Sunday, August 26, 2012

Thinking About Thinking

You can discover more about a person in an hour of play than in a year of conversation.
- Plato

As the summer comes to an end and with a new school year quickly approaching, I find myself even more excited and inspired than the year before! After finally taking a leap into the "Twitterverse," I have truly realized that there is a whole new "digital staffroom" outside the walls of my school. This leap has lead me to follow new friends, gain new insights, and expand my own wonderings with people from around the world! Throughout the month of August, I found myself reading new blogs, articles and insights from fellow teachers which has helped shape my optimism for this upcoming year.

Specifically, and thanks to Joanne Babalis and the Great Beginnings FDK Team for creating and sharing a wonderful Wiki, I was able to use one of their posted articles to expand my own questions and knowledge around Inquiry. "Making Thinking Visible" by Ron Ritchhart and David Perkins (2008) has not only painted a picture for me of what it means to literally "make thinking visible" in a classroom, but it has also broken down the basics of what it means to create a "culture and community of thinkers" for students and for teachers. After having the wonderful opportunity this past year to attend one of our regional network meetings with my Administrator and other staff from my school, this experience helped set the stage for me with regards to how to "think about thinking." That being a loaded thought (haha), perhaps led me to connect so well with this article and truly get my mind on to what this can look like and sound like in my classroom this year.

"Effective thinkers make their thinking visible, meaning they externalize their thoughts through speaking, writing, drawing, or some other method." (p. 58)

What do you see?       What do you think about that?       What do you wonder? (p. 59)

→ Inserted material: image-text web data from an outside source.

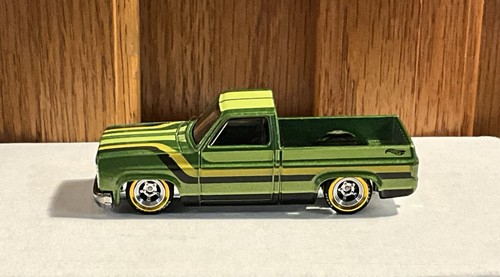 2022 Hot Wheels (‘83 Chevy Silverado) Custom Chase Style Real Riders..Wheel Swap - Picture 9 of 13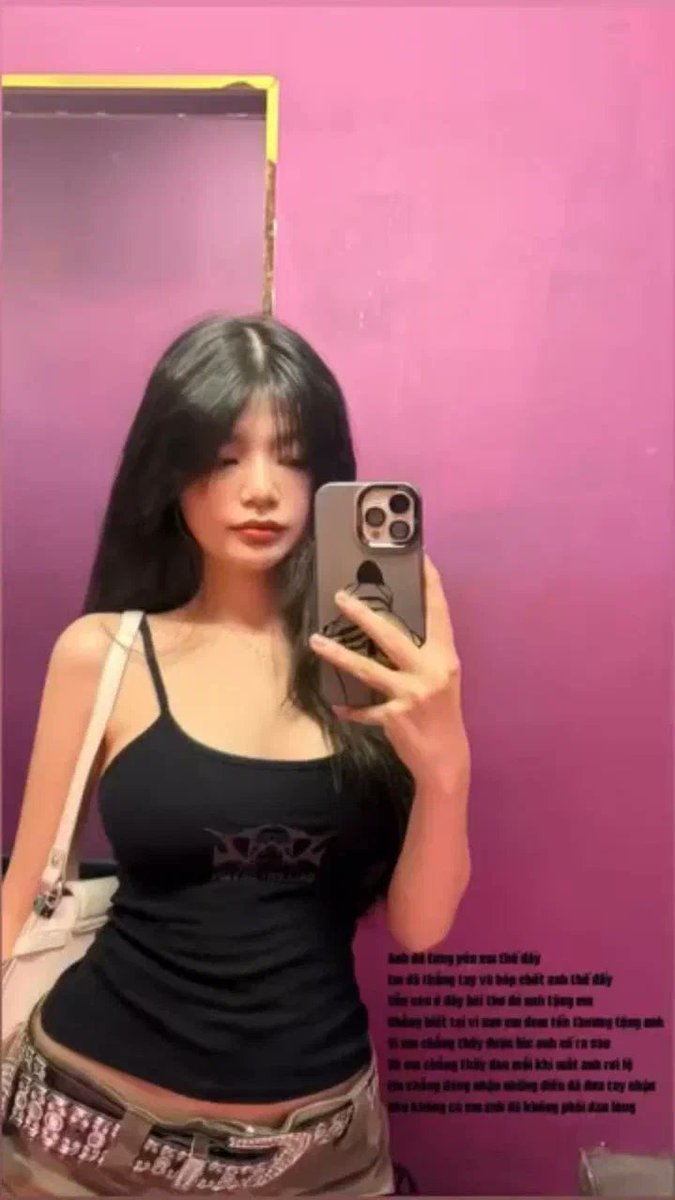 dieulink69's tweet photo. Em gái bị chat dâm với ny xong bị leak https://t.co/l4e2HYQAKY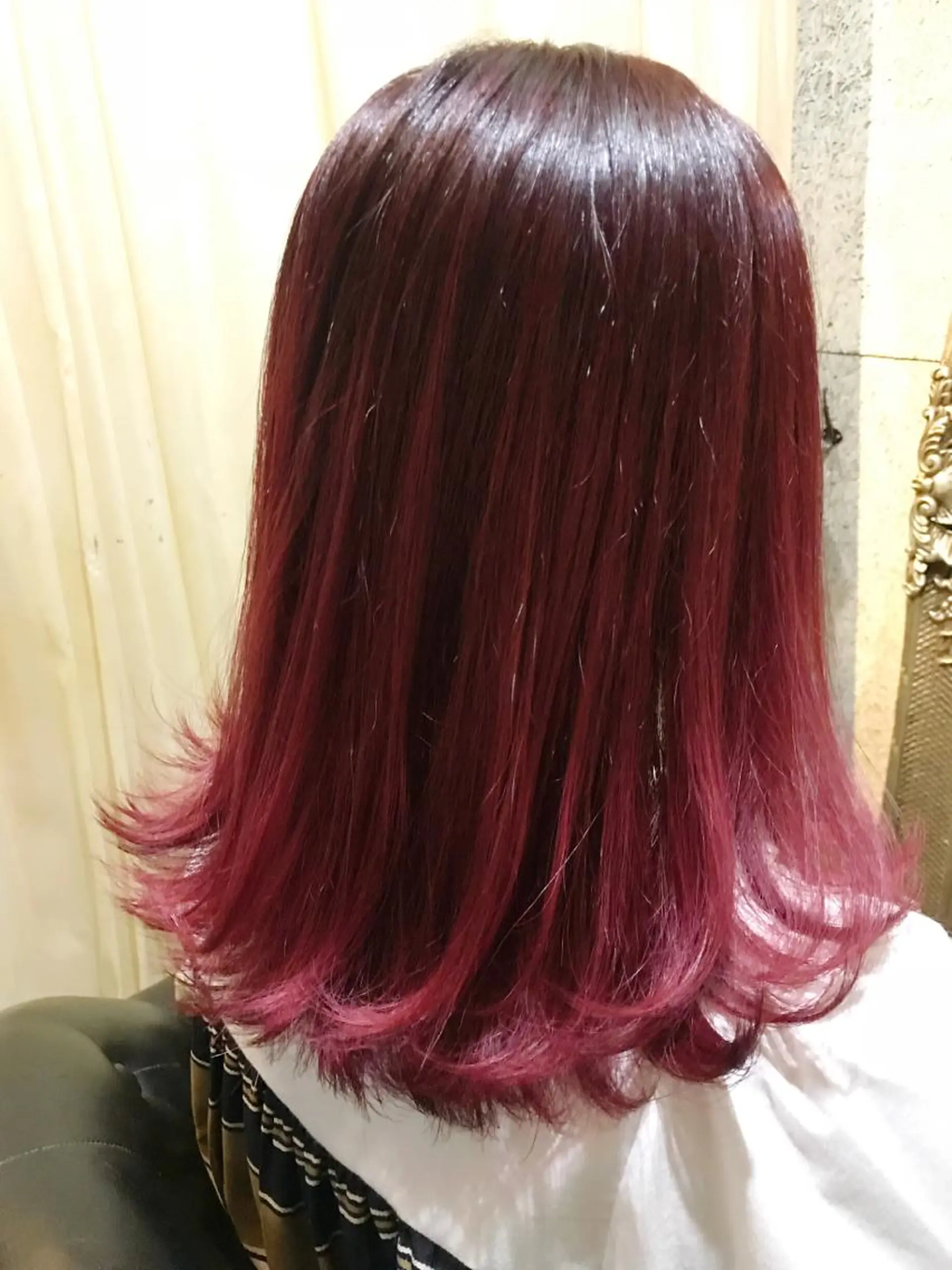 セミロング カラー ブリーチ レッドカラー Tsuyoki .のヘアスタイル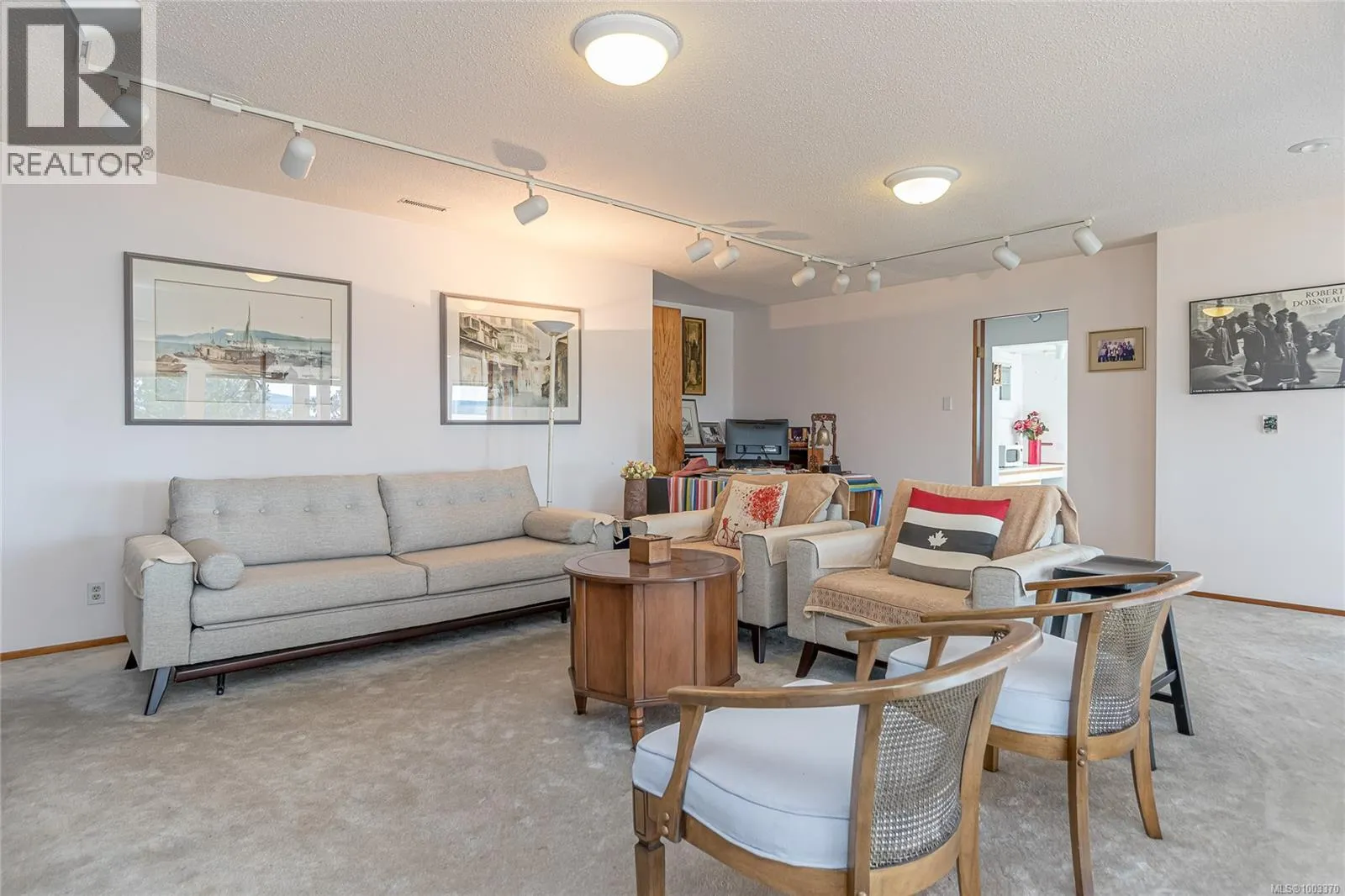180 Canterbury Cres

Within the realm of documentation and by paying attention to the process behind the product,  these prompting questions will not only "stimulate curiosity and set the stage for inquiry" but they will also provide a foundation for learning that will allow children to make observations and utilize their thinking capabilities. For teachers, this means being able to capture student thinking throughout the process of learning and in turn, providing students with the necessary building blocks to expand their own knowledge. I look forward to sharing my experiences with this approach and any feedback or comments are welcomed!

Wishing everyone a wonderful start to the school year and creating a classroom space that fosters curiousity, inquiries and discoveries!